Quando o chef premiado Grant Achatz anunciou que estava usando o ChatGPT para projetar um menu de nove pratos para seu restaurante de estrela Michelin em Chicago, Next, a indústria da culinária foi sacudida por um intenso debate sobre se a IA deveria interferir na criatividade culinária.
Essa controvérsia surgiu a partir de uma aparentemente inofensiva tendência nas mídias sociais. Em outubro de 2024, um "restaurante" virtual chamado Ethos, localizado em Austin, ganhou popularidade no Instagram, com milhares de seguidores atraídos pelas imagens de pratos incomuns como bolinhas de pizza sem casca e pão de ácaro. No entanto, Ethos existe apenas no mundo virtual — é uma falsa "restaurante" totalmente gerada por inteligência artificial, e as supostas criações gourmet são meras imitações rudimentares do AI.
Da "restaurante" fictícia ao ambiente real
Se o caso Ethos foi um aviso sobre a penetração da IA na indústria da alimentação, ele certamente teve visão profética. Nos meses seguintes à sua popularização, os profissionais da culinária começaram a adotar software de modelo linguístico avançado, implementando dinâmica de preços, marketing automatizado por robôs, monitoramento de funcionários e automação da cozinha.
O exemplo mais marcante veio do renomado chef Grant Achatz, vencedor múltiplo do James Beard Award. De acordo com o The New York Times, este respeitado chef está usando o ChatGPT para criar menus para seu restaurante — uma tarefa que muitos chefs consideram central para sua criatividade.

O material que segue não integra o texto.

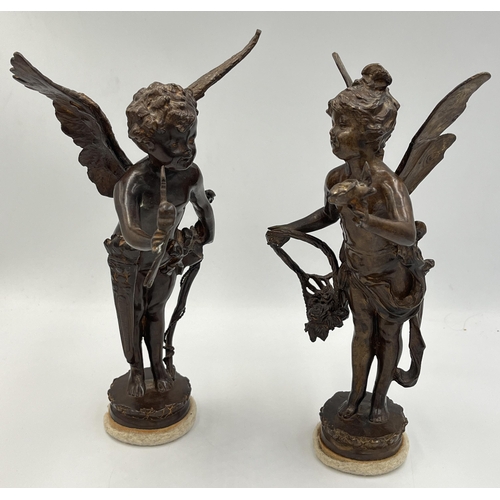 2083 - Two bronzed cast metal cupid figurines - approx. 24cm high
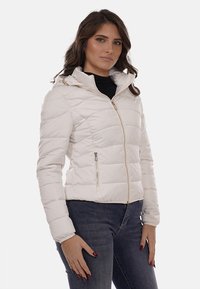 Giacca imbottita bianca con zip frontale, cappuccio e due tasche con zip. Presenta un design a righe cucite orizzontali e dettagli in hardware color oro.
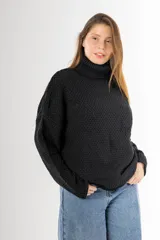 Sweater negro tejido en punto arroz, con cuello alto, mangas largas y silueta holgada.
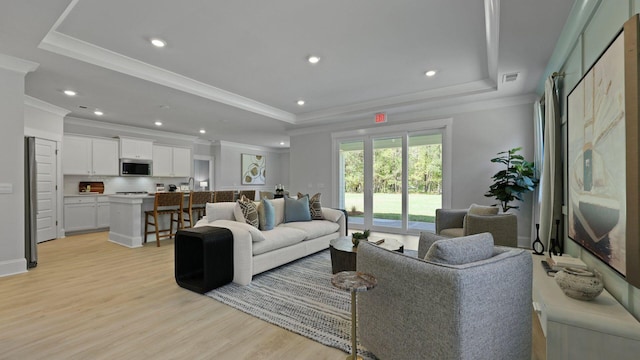 212 Bilge Rd, Ridgeville, SC 29472 - living room with a raised ceiling, ornamental molding, light wood finished floors, and recessed lighting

O "processo criativo" do "chef" virtual
O método de Achatz gerou polêmica: ele comissionou o ChatGPT para assumir diferentes papéis de "chefes" virtuais, cada um inspirado em grandes mestres da culinária real. Por exemplo, o AI criou uma mulher de 33 anos chamada Jill, supostamente discípula das lendárias figuras culinárias Ferran Adrià, Jiro Ono e Auguste Escoffier.
Em seguida, Achatz instruiu o chatbot a produzir receitas que "refletissem suas influências pessoais e profissionais". Como o renomado chef admitiu francamente: "Eu quero que ele faça o máximo possível, em vez de realmente estar pronto para uso prático".
Resposta acalorada da indústria
A reação nas redes sociais foi bastante negativa. Um usuário no Bluesky escreveu: "Isso é uma ofensa para Ferran Adrià, Jiro Ono e muitos talentosos chefs sob a alçada de Achatz, que têm experiência prática que pode ser refletida nos pratos."
A experiente confeiteira de Denver, Sarah Osborne, foi ainda mais direta: "Eles realmente deveriam ter escrito o título como 'Grant Achatz não quer mais que as pessoas gastem 1000 dólares em uma refeição, mas está terceirizando seu trabalho para uma inteligência artificial'."
Riscos à segurança com receitas geradas por IA
O problema vai além do aspecto criativo. Em setembro de 2024, a NPR relatou que receitas geradas por IA podem ser letais se forem consumidas. O crítico gastronômico Morgan Wujkowski apontou que o ChatGPT ainda está gerando receitas perigosas, como "sopa de alface queimada", cuja preparação consiste em cozinhar a alface por 30 minutos e depois assá-la a 500 graus.
"O AI carece de senso comum e experiência culinária", escreveu Wujkowski. "Ele segue algoritmos, não paladar. Muitas vezes, os resultados gerados são, no melhor dos casos, incompletos, e, no pior, contêm erros de dados."
O embate entre criatividade e algoritmos
Essa controvérsia atinge um problema mais profundo: qual papel a inteligência artificial deve desempenhar na indústria criativa? Enquanto muitos profissionais criativos e artesãos lutam contra a ampla adoção da IA no trabalho criativo, a decisão de Achatz parece particularmente controversa.
"A criatividade humana e a intuição são essenciais no desenvolvimento de receitas, e essa é uma das principais deficiências ao usar IA para gerar receitas", continuou Wujkowski. "O AI pode ajudar a planejar dietas e macronutrientes, mas os testes sensoriais humanos são irremovíveis."
Do "restaurante" fictício do Instagram, Ethos, ao experimento com IA em restaurantes de estrela Michelin, essa trajetória revela uma crescente tensão entre tecnologia e artesanato tradicional. À medida que a IA continua a penetrar a indústria da alimentação, encontrar um equilíbrio entre eficiência e criatividade, custo e qualidade, será um desafio central para toda a indústria.